Gustave Le Bon e
seus discípulos, ao discutir a psicologia das multidões, formularam a ideia de
que o individuo, quando ombro a ombro com a multidão, desce um grau ou dois
intelectualmente e tende a exibir as mesmas reações mentais e emocionais de
pessoas que lhe são inferiores. É assim que eles explicam a bem conhecida
violência e imbecilidade das multidões. A turba, enquanto turba, chega a
extremos de que seus membros, como indivíduos, nunca poderiam ser acusados. Sua
inteligência média é mínima; mas é infecciosa, contagiante, quase simiesca. As
multidões, bem trabalhadas por um esperto demagogo, acreditam em qualquer coisa
e são capazes de tudo.
Ouso dizer que Le
Bon está parcialmente certo, mas também parcialmente errado. Sua teoria é
provavelmente elogiosa demais para com o ignorante médio. Ao misturar este
ignorante com o homem superior nos excessos de uma multidão, dá a entender que
também o ignorante, no meio delas, faz coisas que nunca pensaria em fazer
sozinho. O fato pode ser aceito, mas o raciocínio levanta uma dúvida. O
ignorante se descontrola na multidão, não porque tenha sido inoculado por ela,
mas com o vírus da violência, mas porque a sua própria violência tem ali a
única chance de exprimir-se em segurança. Em outras palavras, o ignorante é
perverso, porém covarde. Ele evita qualquer tentativa de um linchamento a capella, não porque precise de estímulo
para querer linchar alguém, mas porque precisa da proteção de uma multidão para
fazê-lo sentir-se corajoso o suficiente para tentar.
O que acontece
quando uma multidão se descontrola não é exatamente o que Le Bon e seus seguidores
descrevem. Os poucos homens superiores dentro dela não são reduzidos
imediatamente ao nível dos fanfarrões. Ao contrário, costumam manter a cabeça
fria e tentam até conter a multidão. Mas os fanfarrões são maioria; a cerca é
derrubada ou o negro é queimado. E por quê? Não porque os fanfarrões,
normalmente virtuosos, tornam-se subitamente uns insanos criminosos. E sim
porque se dão conta de repente do seu poder em número e porque ali há uma
brecha para exercerem sua selvageria. Em outras palavras, o poder suíno de uma
multidão já existe permanentemente na maioria de seus membros – digamos, uns
90%. Todos os estudos sobre a psicologia das multidões tropeçam nesta
subestimação da selvageria.
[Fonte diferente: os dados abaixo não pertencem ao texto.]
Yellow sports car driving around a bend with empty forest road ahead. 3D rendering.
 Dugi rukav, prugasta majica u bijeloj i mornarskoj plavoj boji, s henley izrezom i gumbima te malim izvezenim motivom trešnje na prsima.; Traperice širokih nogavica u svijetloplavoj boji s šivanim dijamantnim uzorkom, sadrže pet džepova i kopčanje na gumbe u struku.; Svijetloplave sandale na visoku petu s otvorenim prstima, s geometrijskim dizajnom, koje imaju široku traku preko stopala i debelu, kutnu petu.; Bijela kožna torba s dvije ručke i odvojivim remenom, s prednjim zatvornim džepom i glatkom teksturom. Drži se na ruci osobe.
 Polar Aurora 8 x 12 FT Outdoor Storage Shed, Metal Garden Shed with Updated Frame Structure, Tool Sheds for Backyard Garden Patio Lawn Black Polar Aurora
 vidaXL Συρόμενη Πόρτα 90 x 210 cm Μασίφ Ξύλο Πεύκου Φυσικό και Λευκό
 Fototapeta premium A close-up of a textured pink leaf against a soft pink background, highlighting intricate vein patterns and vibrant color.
Os escalões inferiores do homem são, na realidade,
incuravelmente perversos, seja individual ou coletivamente. Decência, autocontrole,
senso de justiça, coragem – estas virtudes pertencem a uma pequena minoria de
homens. Esta minoria raramente se descontrola. Seus traços mais distintos,
aliás, é a resistência ao descontrole. O homem de terceira classe, embora possa
disfarçar-se com as barbas de um homem de primeira, será sempre descoberto por
sua incapacidade de manter a cabeça diante de um apelo às emoções. O mesmo
grito que se dá para estimular um animal a correr põe a nu o seus disfarces.